I. {¶ 2} The subject of this controversy is a paved road ("the road"). The road bisects a parcel of real property which is owned by the Woods and located in the Village of Kipton ("the property"). The Woods contend that the road is private. The Village maintains that the road is public, and that it is in fact a section of Haigh Road, a public thoroughfare running through Kipton.

{¶ 3} On September 5, 2001, the Woods filed a complaint in the Lorain County Court of Common Pleas, seeking a declaratory judgment quieting title to the property. The Woods also requested ejectment of the Village and a permanent injunction barring the public and the Village from further passage over, through, or across the property.

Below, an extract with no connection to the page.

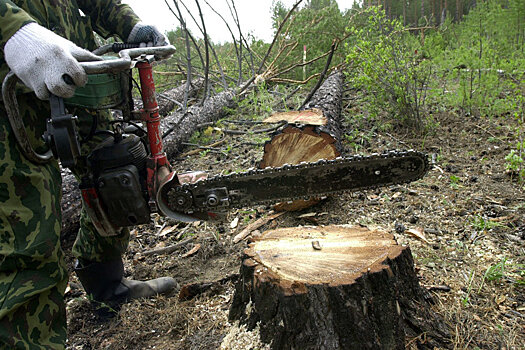 Какую часть древесины рубят браконьеры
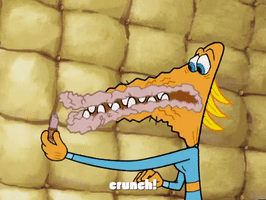 season 4 whale of a birthday GIF by SpongeBob SquarePants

{¶ 4} Along with their complaint, the Woods filed a motion for a preliminary injunction. The Village filed a brief in opposition to the Woods' motion, propounding the alternative arguments that: (1) the road bisecting the Woods' property is a dedicated public road; (2) the public had acquired a prescriptive easement over the Woods' property; and (3) two deeds, recorded by the Woods' predecessors in interest, granted the public the right to use the road. Rejecting these arguments, the trial court granted the Woods' motion on April 25, 2002, issuing a preliminary injunction "prohibiting the passage over, through and across that portion of [the Woods'] property designated as Haigh Road."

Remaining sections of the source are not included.